WHAT THE TASK ASKS: Once you find the line with "世界杯竞猜赔率平台深度解析与投注策略全攻略" in the listing below, please repeat it and every later line exactly, through the last one, without pictures.

BEGIN

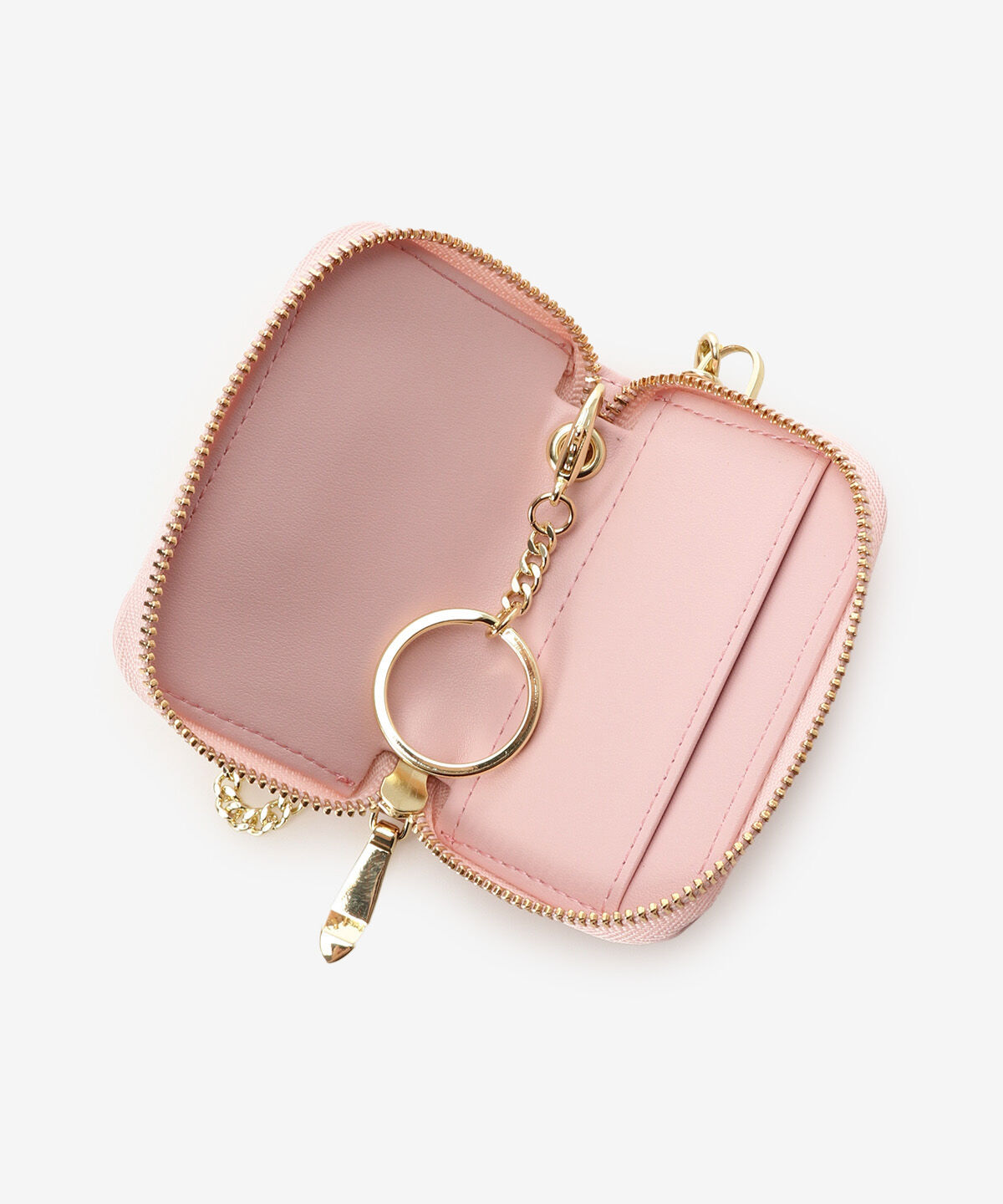 Samantha Vega「スタンピングリボンキーケース」|キーケース|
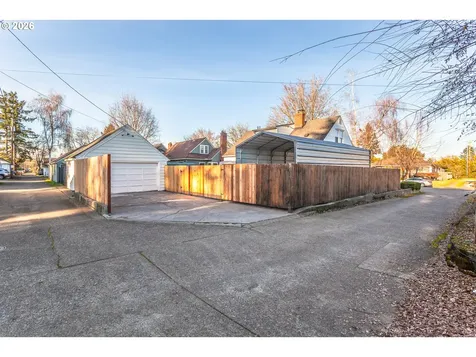 4760 N Harvard Street Portland OR 97203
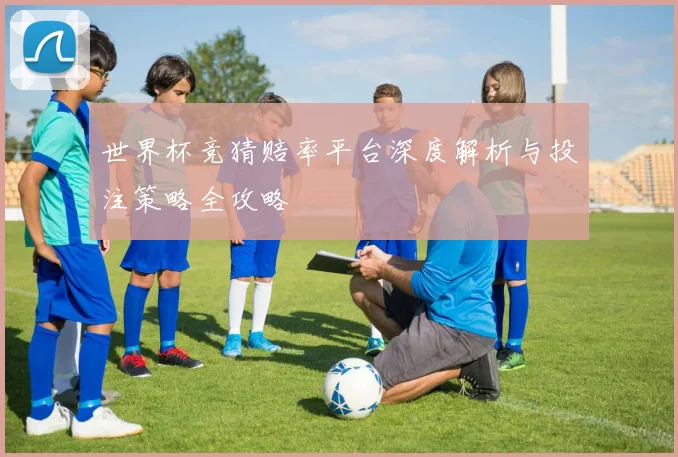 世界杯竞猜赔率平台深度解析与投注策略全攻略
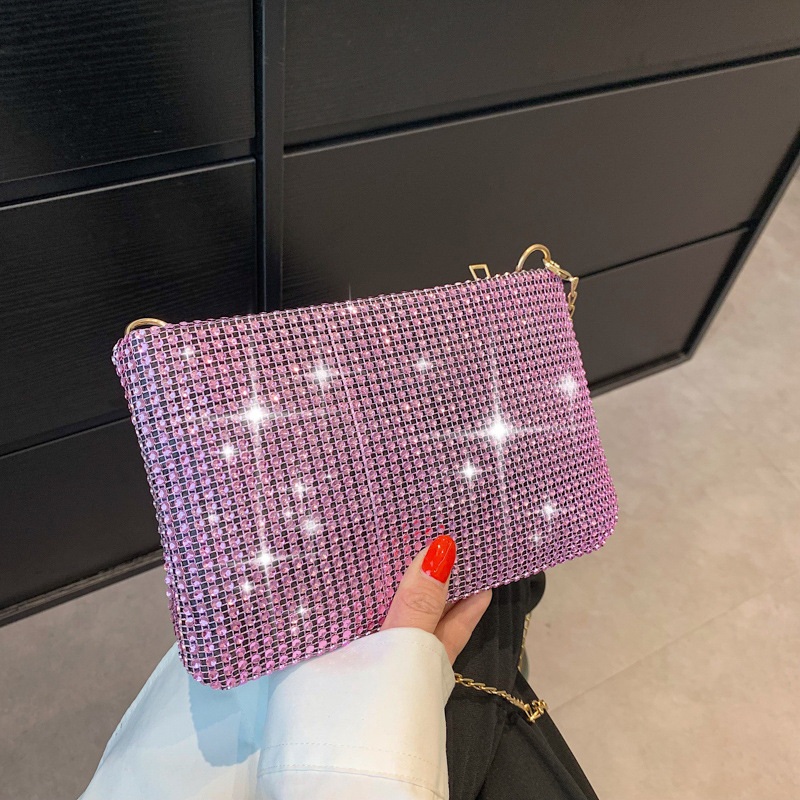 Fashion Women Evening Bag Part - Wristlet Wallet Zipper บทวิจารณ์และราคา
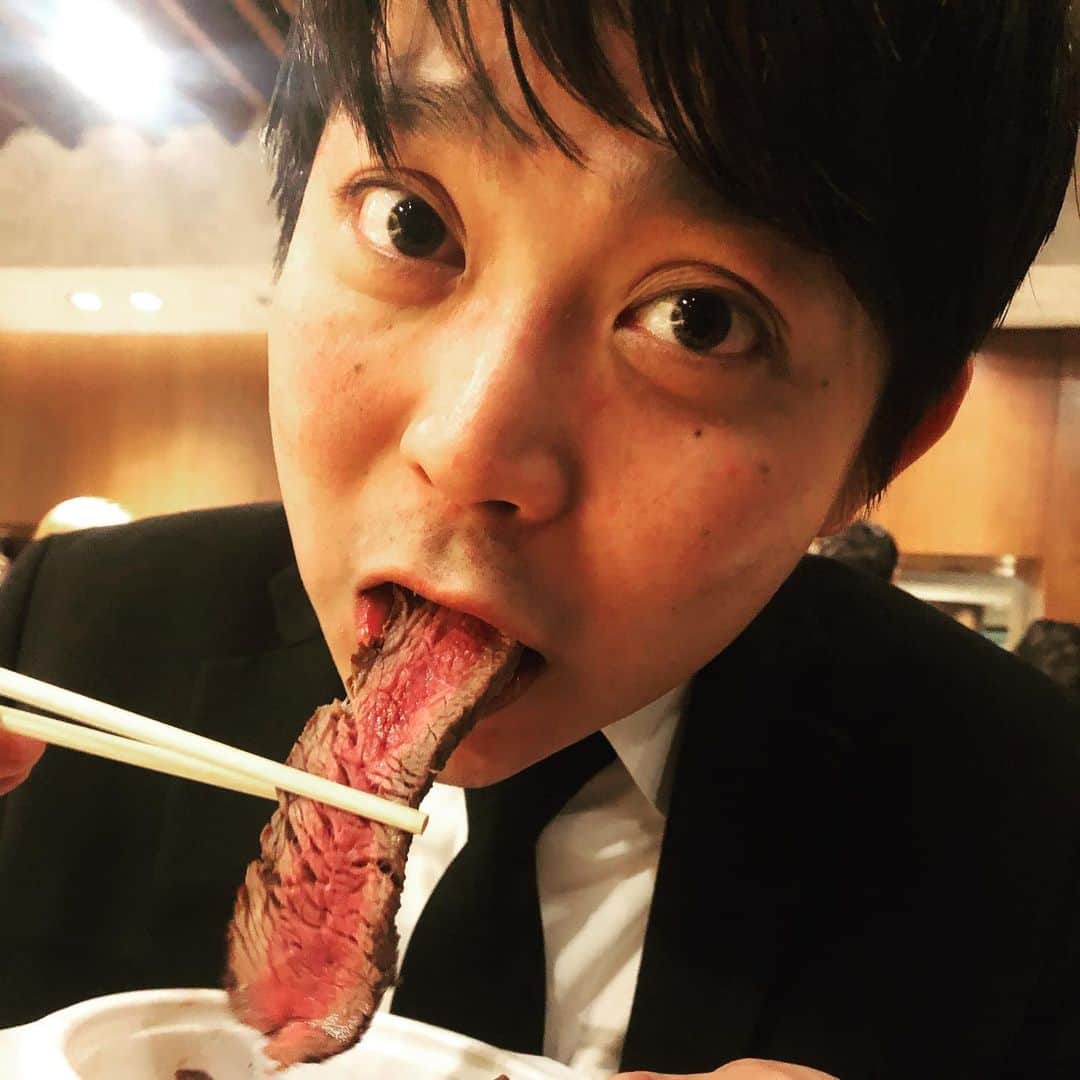 牧野紘二のインスタグラム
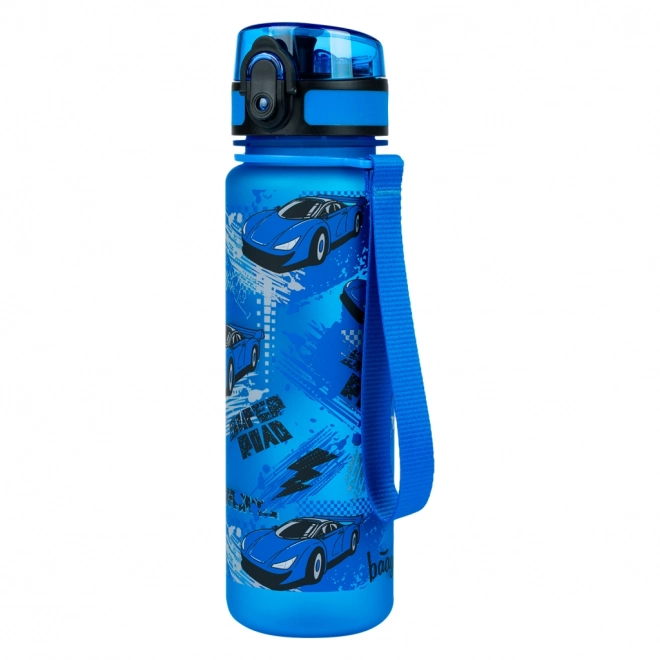 BAAGL Tritan drikkeflaske Biler, 500 ml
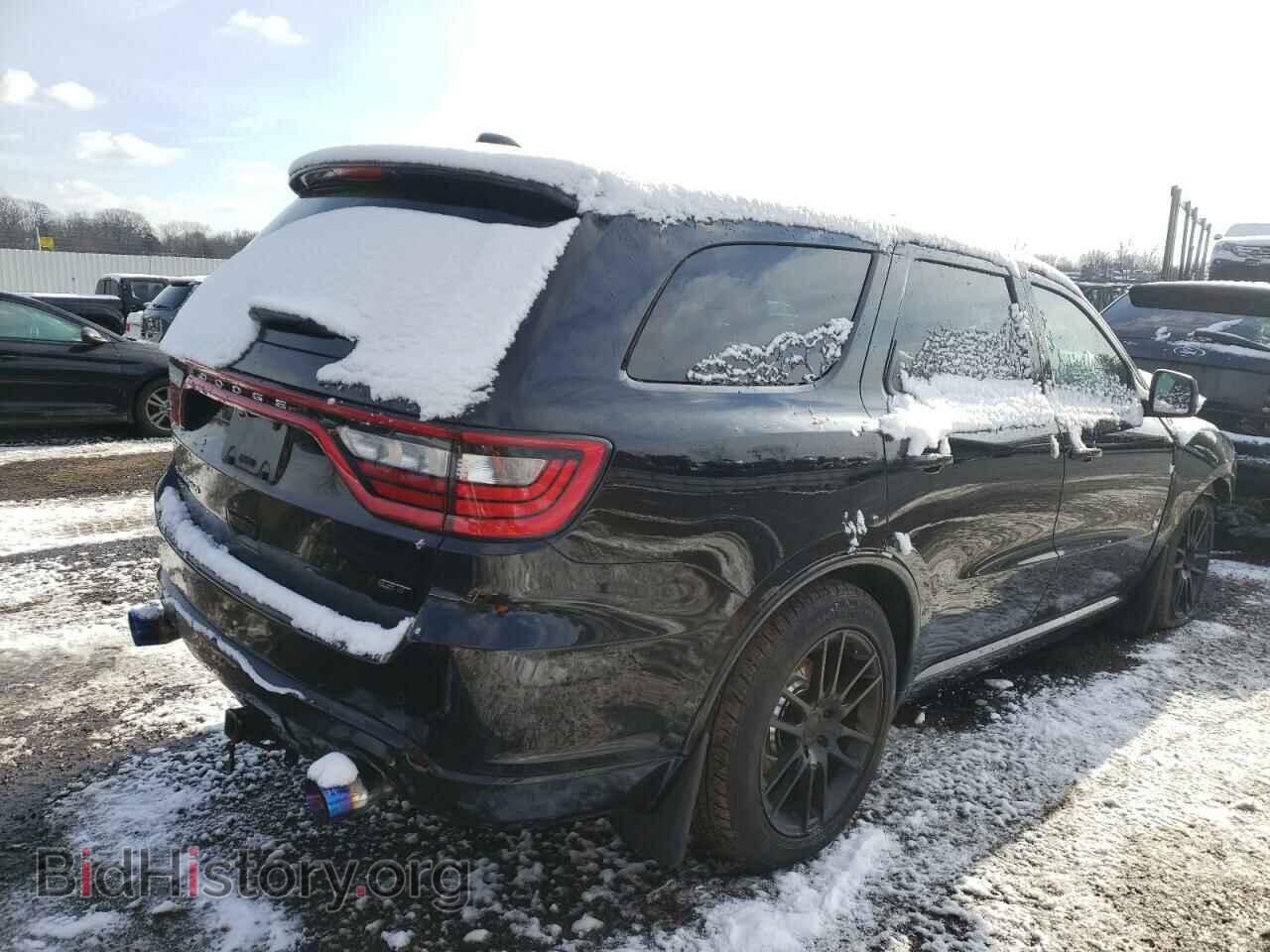2017 DODGE DURANGO - VIN: 1C4RDJDG8HC921367 - Фото 4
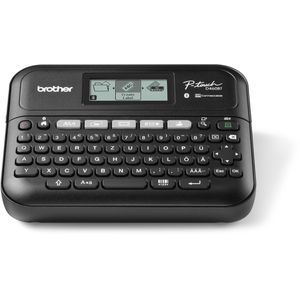 Produktbild für Beschriftungsgerät Brother P-touch D460BTVP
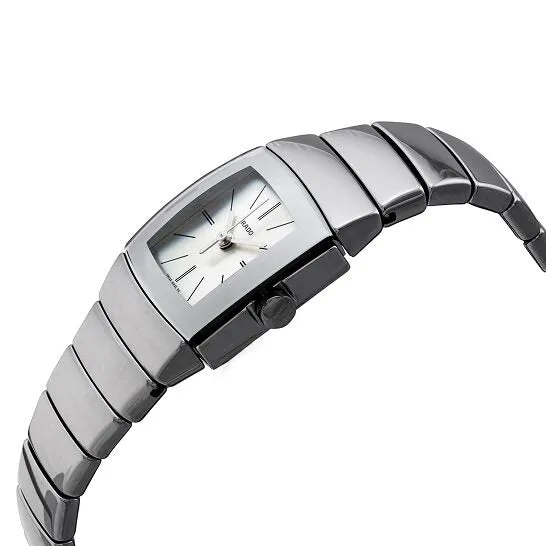 JMS always Watches Original Rado Sintra Quartz Silver Dial Ladies Watch R13722122 JMS always Watches Original Rado Sintra Quartz Silver Dial Ladies Watch R13722122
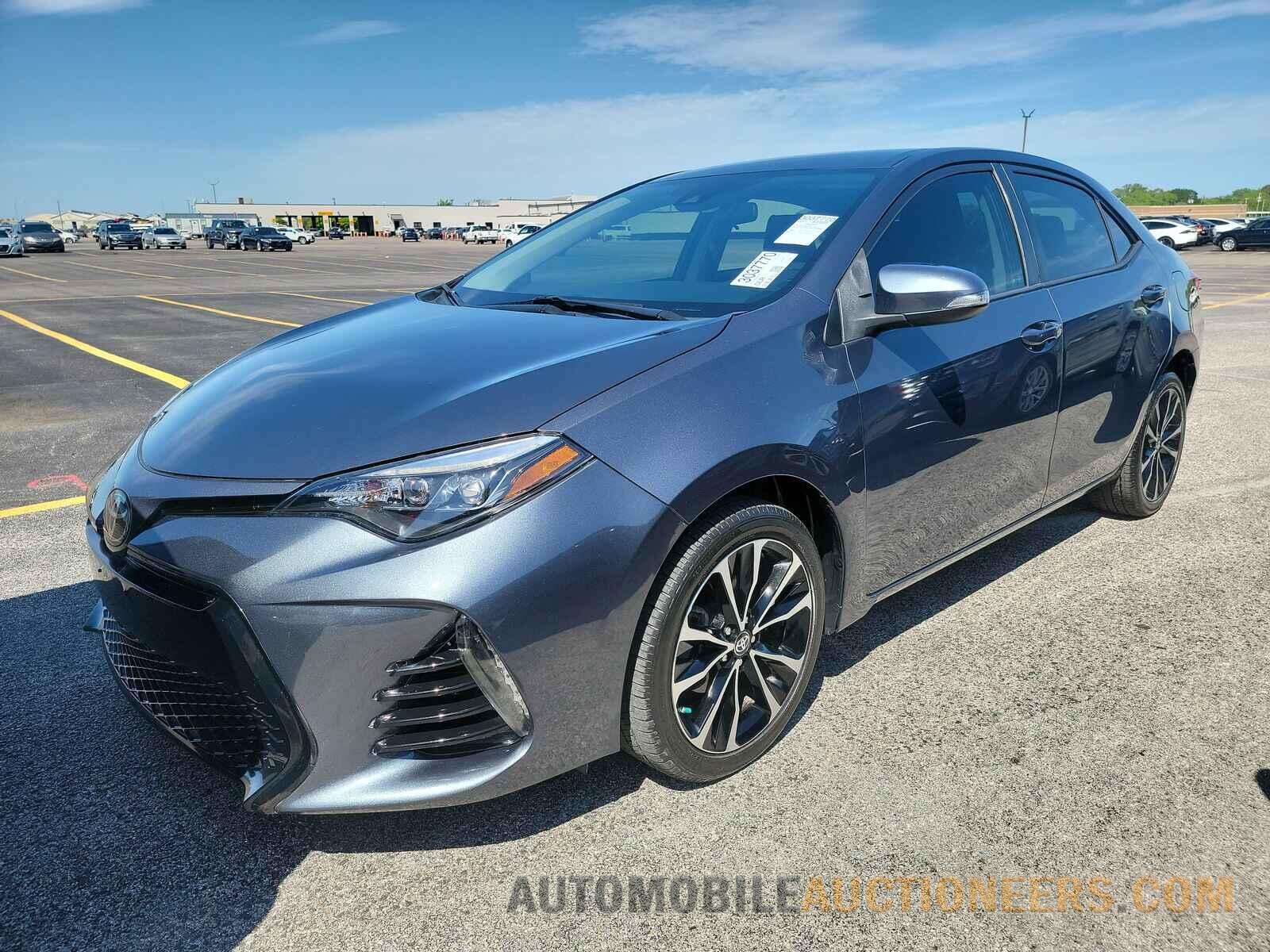 5YFBURHEXKP904481 Toyota Corolla 2019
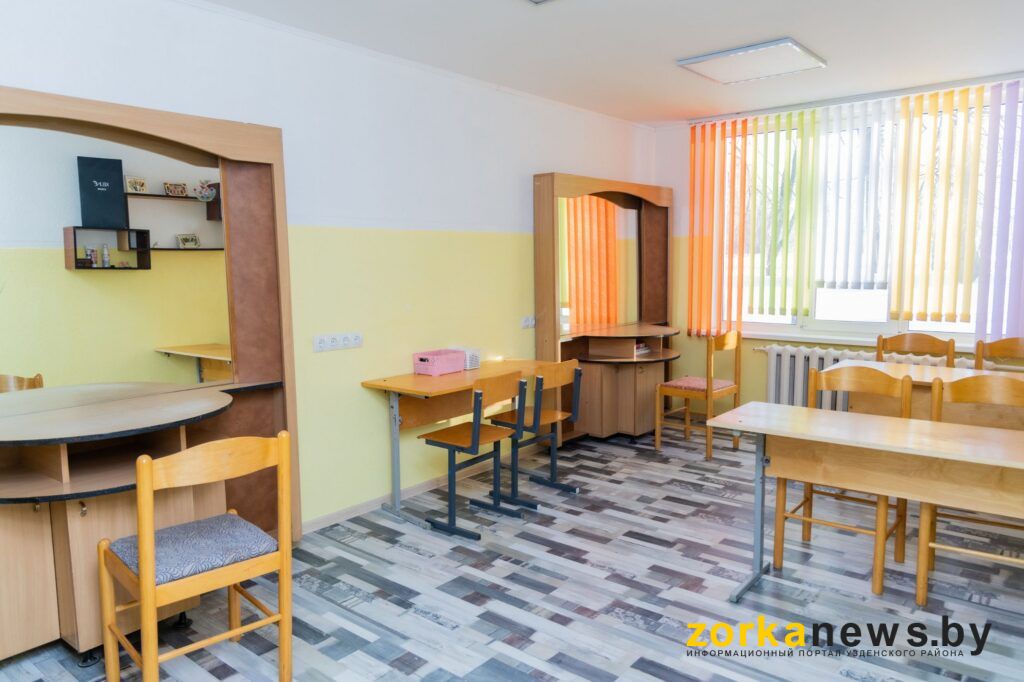 ученическая комната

END

ANSWER:
 世界杯竞猜赔率平台深度解析与投注策略全攻略
 Fashion Women Evening Bag Part - Wristlet Wallet Zipper บทวิจารณ์และราคา
 牧野紘二のインスタグラム
 BAAGL Tritan drikkeflaske Biler, 500 ml
2017 DODGE DURANGO - VIN: 1C4RDJDG8HC921367 - Фото 4
 Produktbild für Beschriftungsgerät Brother P-touch D460BTVP
 JMS always Watches Original Rado Sintra Quartz Silver Dial Ladies Watch R13722122 JMS always Watches Original Rado Sintra Quartz Silver Dial Ladies Watch R13722122
 5YFBURHEXKP904481 Toyota Corolla 2019
 ученическая комната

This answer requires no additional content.